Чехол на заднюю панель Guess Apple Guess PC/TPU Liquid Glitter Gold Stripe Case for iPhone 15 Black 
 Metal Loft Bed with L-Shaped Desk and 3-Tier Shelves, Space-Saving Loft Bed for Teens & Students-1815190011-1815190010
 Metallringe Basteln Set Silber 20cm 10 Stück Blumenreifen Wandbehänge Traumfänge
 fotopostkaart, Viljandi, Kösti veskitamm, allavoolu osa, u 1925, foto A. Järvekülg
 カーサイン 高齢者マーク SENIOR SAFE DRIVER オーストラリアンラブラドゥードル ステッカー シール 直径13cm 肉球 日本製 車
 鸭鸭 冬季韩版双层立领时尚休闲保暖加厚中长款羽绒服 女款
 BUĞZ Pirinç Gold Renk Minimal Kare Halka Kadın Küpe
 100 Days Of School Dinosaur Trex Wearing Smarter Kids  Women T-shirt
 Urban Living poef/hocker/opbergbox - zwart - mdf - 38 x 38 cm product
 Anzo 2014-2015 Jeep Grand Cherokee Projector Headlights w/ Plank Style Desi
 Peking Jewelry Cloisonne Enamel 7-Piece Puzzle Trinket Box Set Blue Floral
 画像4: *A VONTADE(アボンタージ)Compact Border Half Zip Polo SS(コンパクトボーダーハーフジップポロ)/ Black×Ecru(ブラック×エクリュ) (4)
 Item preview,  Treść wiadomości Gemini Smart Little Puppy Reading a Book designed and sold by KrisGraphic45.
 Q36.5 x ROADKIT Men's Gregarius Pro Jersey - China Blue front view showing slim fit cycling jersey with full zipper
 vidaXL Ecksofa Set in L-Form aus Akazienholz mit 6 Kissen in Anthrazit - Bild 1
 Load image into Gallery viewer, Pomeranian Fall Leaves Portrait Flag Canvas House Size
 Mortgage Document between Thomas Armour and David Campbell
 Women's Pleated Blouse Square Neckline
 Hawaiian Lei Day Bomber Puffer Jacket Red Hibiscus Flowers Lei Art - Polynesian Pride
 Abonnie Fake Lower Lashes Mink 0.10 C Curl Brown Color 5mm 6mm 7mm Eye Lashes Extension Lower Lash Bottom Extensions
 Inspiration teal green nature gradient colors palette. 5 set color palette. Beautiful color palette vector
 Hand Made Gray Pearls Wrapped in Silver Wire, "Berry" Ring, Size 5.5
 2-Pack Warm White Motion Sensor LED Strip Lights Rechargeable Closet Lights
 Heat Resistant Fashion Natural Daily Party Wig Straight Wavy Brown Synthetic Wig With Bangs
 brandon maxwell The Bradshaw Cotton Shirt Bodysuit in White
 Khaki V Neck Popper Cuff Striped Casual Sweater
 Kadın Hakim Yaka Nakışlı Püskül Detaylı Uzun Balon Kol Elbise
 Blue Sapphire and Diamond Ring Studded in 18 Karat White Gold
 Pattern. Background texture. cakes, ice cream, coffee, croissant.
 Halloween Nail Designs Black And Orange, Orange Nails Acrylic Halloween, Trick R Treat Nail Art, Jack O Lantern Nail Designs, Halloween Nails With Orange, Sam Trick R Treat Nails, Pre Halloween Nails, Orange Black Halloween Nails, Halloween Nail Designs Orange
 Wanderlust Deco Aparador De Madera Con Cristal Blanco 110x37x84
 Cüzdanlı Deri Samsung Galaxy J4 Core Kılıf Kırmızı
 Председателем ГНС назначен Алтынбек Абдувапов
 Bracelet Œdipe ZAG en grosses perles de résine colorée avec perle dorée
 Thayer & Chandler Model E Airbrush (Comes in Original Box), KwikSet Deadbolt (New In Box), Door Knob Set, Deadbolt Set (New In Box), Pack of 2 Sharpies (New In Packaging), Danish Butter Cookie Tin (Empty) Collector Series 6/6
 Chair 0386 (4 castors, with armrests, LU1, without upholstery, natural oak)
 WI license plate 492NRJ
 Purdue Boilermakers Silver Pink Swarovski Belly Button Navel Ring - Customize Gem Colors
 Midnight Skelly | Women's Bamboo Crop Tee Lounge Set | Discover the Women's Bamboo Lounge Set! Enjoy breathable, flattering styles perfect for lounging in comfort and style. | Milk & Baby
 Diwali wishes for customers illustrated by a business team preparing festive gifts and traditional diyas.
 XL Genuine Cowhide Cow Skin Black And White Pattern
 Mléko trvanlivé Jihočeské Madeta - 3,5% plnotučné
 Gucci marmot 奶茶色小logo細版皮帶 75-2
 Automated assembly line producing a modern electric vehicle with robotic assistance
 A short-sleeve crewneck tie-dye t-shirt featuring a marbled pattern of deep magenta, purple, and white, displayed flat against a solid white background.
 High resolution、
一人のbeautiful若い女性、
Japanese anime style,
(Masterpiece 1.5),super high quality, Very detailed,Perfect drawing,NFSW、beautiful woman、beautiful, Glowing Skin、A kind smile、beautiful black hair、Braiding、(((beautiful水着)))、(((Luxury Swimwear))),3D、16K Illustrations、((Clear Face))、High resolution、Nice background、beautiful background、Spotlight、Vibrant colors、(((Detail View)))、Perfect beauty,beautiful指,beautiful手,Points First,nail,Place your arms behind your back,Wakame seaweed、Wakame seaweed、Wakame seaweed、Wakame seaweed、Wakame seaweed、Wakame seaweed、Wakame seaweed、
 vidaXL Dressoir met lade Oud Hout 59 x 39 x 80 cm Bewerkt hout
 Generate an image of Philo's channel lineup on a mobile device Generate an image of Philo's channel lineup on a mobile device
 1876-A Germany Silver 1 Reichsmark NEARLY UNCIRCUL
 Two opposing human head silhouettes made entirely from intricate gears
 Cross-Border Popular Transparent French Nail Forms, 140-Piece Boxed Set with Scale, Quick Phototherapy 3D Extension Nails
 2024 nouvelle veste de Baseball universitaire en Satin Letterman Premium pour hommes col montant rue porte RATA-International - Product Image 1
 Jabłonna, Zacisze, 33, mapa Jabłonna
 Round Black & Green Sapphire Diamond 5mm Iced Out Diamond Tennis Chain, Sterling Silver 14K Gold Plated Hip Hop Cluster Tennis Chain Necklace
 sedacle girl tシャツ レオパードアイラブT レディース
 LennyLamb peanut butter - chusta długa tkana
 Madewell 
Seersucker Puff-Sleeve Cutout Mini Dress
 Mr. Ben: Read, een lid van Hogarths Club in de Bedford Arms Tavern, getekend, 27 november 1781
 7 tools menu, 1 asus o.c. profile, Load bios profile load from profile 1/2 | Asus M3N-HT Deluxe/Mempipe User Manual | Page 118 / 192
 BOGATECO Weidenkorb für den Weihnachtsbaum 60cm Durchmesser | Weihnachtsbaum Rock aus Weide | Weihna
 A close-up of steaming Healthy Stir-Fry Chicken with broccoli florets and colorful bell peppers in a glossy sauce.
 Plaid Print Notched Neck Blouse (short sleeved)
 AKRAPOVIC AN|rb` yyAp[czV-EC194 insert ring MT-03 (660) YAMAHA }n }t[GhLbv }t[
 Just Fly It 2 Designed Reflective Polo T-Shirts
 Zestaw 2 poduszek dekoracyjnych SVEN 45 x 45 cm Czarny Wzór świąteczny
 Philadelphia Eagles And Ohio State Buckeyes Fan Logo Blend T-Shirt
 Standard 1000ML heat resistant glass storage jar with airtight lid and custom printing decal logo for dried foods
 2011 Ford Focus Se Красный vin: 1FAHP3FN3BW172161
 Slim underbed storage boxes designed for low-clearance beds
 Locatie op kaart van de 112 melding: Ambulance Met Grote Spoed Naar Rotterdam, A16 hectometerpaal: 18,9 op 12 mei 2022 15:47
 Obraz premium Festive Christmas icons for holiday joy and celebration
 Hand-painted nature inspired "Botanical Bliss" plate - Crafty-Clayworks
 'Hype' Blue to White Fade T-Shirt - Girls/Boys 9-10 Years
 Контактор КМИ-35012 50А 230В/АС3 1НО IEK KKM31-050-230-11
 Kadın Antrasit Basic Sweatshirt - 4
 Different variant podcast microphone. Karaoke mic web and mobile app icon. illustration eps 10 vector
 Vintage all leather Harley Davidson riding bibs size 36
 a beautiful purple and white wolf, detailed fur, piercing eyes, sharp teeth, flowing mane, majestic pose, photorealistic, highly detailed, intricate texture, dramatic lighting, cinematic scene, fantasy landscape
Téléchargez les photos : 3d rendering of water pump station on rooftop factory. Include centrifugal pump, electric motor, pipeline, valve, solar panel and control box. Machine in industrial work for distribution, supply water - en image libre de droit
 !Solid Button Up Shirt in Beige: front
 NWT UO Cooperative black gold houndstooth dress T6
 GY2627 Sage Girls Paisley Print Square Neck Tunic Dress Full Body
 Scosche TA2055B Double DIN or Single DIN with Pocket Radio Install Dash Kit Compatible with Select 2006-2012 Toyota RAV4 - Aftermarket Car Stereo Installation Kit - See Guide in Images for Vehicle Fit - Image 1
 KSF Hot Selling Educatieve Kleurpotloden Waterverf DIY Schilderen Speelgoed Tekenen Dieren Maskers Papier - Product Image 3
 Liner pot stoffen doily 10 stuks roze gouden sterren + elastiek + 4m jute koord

§

Which lines above hold the string "from"? Please copy all of them.

■ **Result for this task**
 Two opposing human head silhouettes made entirely from intricate gears
 7 tools menu, 1 asus o.c. profile, Load bios profile load from profile 1/2 | Asus M3N-HT Deluxe/Mempipe User Manual | Page 118 / 192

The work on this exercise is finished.